Abstract

Red blood cell (RBC) alloantibodies develop in a subset of individuals following exposure to non‐self RBCs through transfusion, pregnancy or other activities; these antibodies can lead to difficulty locating compatible RBCs, acute or delayed haemolytic transfusion reactions, or haemolytic disease of the newborn. Alloimmunization is underestimated due in part to antibody evanescence, the random nature of post‐transfusion antibody screens, fragmented medical care and the lack of widespread antibody registries. Factors that influence who will develop detectable alloantibodies are not well understood. Transfusion burden is one risk factor for alloimmunization, though many highly transfused individuals never form alloantibodies despite exposure to many RBC units (and many non‐self blood group antigens).
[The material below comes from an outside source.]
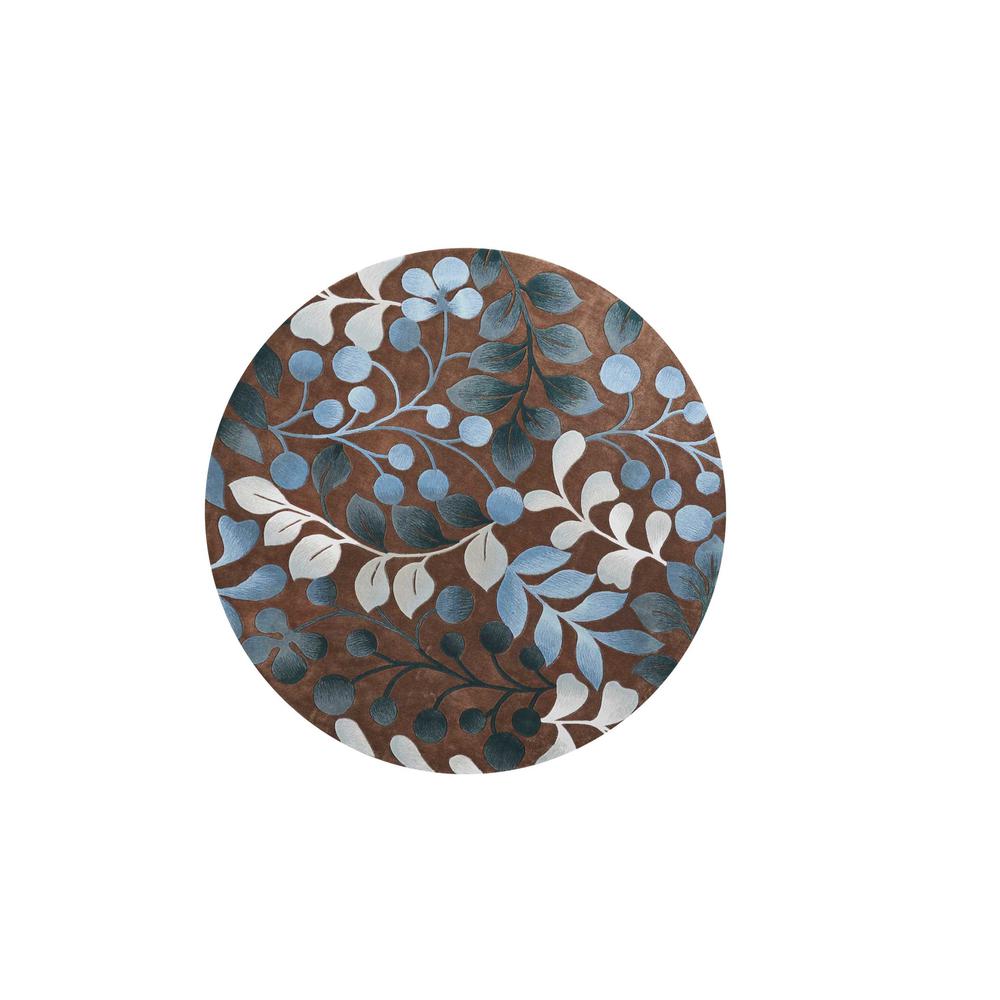 Contemporary Round Area Rug, 8' x Round. Picture 1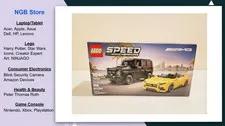 LEGO Speed Champions Mercedes-AMG G 63 & Mercedes-AMG SL 63 Set 76924, New, US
Individuals with sickle‐cell disease (SCD) and myelodysplastic syndrome (MDS) are more likely to form RBC alloantibodies than most other patient populations. Individuals with rheumatologic and other forms of autoimmunity, though not chronically transfused, are also at higher‐than‐average risk of forming RBC alloantibodies. Inflammation, in a broad sense, is one common thread amongst these diagnoses associated with high prevalence rates of RBC alloimmunization. Reductionist murine models support some types of inflammation (including viral‐like stimuli) around the time of RBC exposure as being associated with an increased likelihood of alloantibody formation. Strategies other than transfusion avoidance or extended antigen matching beyond ABO/Rh would be beneficial to prevent new RBC alloantibody formation, especially in patients at highest risk.